We have finetuned distill-pegasus-cnn-16-4 summarization model on our own data and results look good. However, when we want to deploy it for a real-time production use case - it is taking huge time on ml.c5.xlarge CPU (around 13seconds per document in a sequence). We tried a g4dn.xlarge GPU for inference and it is taking around 1.7seconds for one document in a sequence. Inference on a GPU is a costly affair. Could anyone suggest me if anyone have any ideas to make faster with less cost.
I have tried “onnx runtime”, TorchScript but both of them dont have support for pegasus model. Do we have any timelines for supporting pegasus. I tried num_beams as well - above numbers are after using them.
from transformers import PegasusForConditionalGeneration, PegasusTokenizer
src_text = [
“”" PG&E stated it scheduled the blackouts in response to forecasts for high winds amid dry conditions. The aim is to reduce the risk of wildfires.
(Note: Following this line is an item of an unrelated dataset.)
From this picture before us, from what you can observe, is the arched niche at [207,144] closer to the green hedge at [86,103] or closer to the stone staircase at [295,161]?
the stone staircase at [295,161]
Nearly 800 thousand customers were scheduled to be affected by the shutoffs which were expected to last through at least midday tomorrow."""
model_name = “sshleifer/distill-pegasus-cnn-16-4”
torch_device = ‘cuda’ if torch.cuda.is_available() else ‘cpu’
tokenizer = PegasusTokenizer.from_pretrained(model_name)
model = PegasusForConditionalGeneration.from_pretrained(model_name).to(torch_device)
inputs = tokenizer.batch_encode_plus(src_text, truncation=True, padding=“longest”, return_tensors=“pt”).to(torch_device)
translated = model.generate(inputs[“input_ids”], num_beams=2)
output = [tokenizer.decode(g, skip_special_tokens=True, clean_up_tokenization_spaces=False) for g in translated]
Thanks in advance for your help. Apologies if I am missing something obvious.
Use the pytorch_model.bin output from this fine tuning process to run inference on our own data.
Note – I am not suggesting you are doing anything wrong. I’m just working with pegasus also, and reading your message makes me think that I’m maybe getting something wrong.
Also – I am finding, when fine-tuning Pegasus, using pegasus-large, that the RAM requirements for even just a batch size of 1 are so extreme, that a Nvidia card with 16GB of memory is required… just to run the batch size of 1! So at this point I am thinking that maybe my training will run better on the CPU, using a machine with a huge amount of ram… like 512GB of ram… as this seems to allow a much bigger batch size, like up to 64 or 128.